Pero la comunidad de los creyentes no sólo se queda en lugar de encuentro con Cristo: verdaderamente “Jesús está presente en medio de una comunidad viva en la fe y en el amor fraterno” (Aparecida 256). De lugar teologal pasa a convertirse en sacramento, en signo inequívoco de la fuerza de la Resurrección.

El problema de nuestro cristianismo es que no nos enseñaron ni hemos aprendido a vivir en comunidad. Los domingos, muchos de nuestros templos católicos acogen a multitudes, no a comunidades; a asambleas de culto, no a discípulos que se sienten hermanos. Sin duda que en nuestra práctica prologamos lo que dice Hechos: “somos fieles en la escucha de la enseñanza de los apóstoles, participamos de la fracción del pan y en las oraciones” (Cfr.
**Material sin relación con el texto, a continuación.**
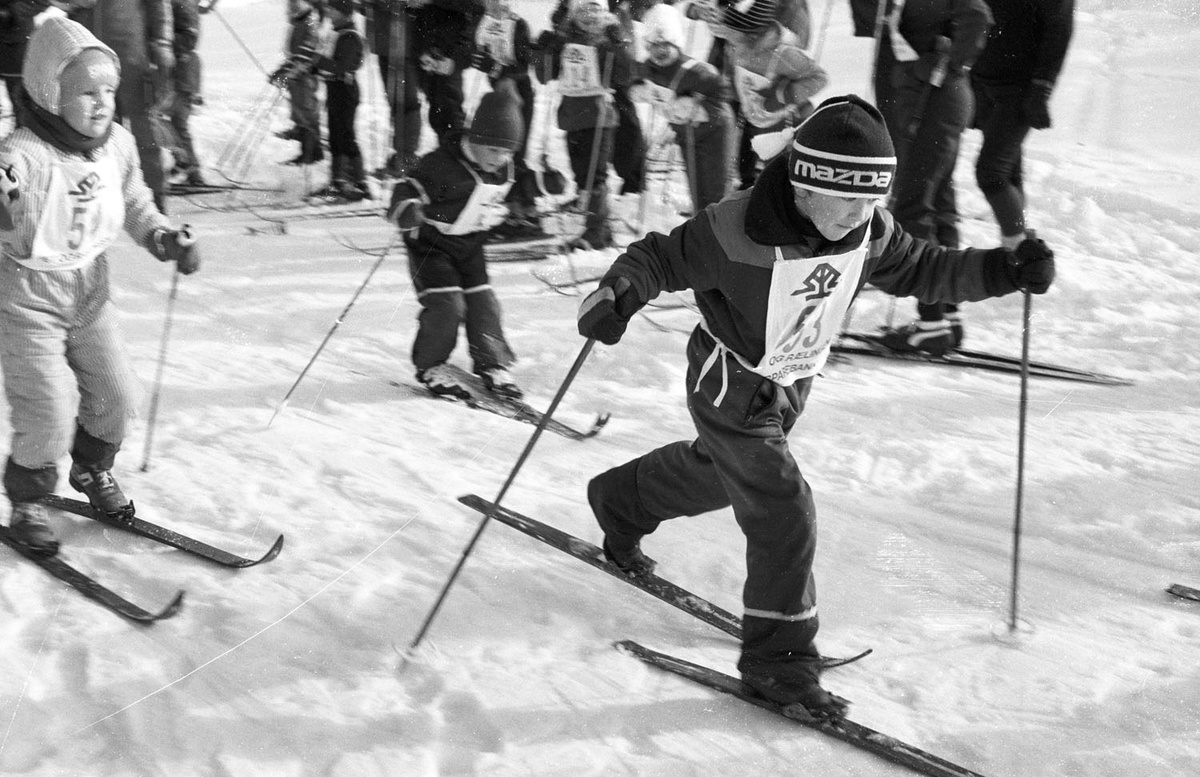 Barn på ski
Hch 2, 42). Sin embargo, todo esto confluye en una palabra que en griego se dice koinonía y que se traduce por: participación, unión, relación, comunicación, comunión. El cristianismo de masas anónimas diluye la comunión y las relaciones interpersonales. Si apenas nos conocemos los que comulgamos con el Cuerpo y Sangre del mismo Dios y Señor (Cfr. Jn 20, 28). Pero, esto no es impedimento para que en la familia, la Iglesia doméstica, vivamos la comunión: verdadera comunión que abarca la solidaridad incluso en los bienes materiales.

Que el Señor de la Divina Misericordia, nos ayude a construir un cristianismo de verdaderas relaciones fraternas, de esas que tanto pregonó nuestro querido y recordado Juan Pablo II. Este será nuestro gran aporte al mundo de hoy y el mejor testimonio de la Resurrección. Amén.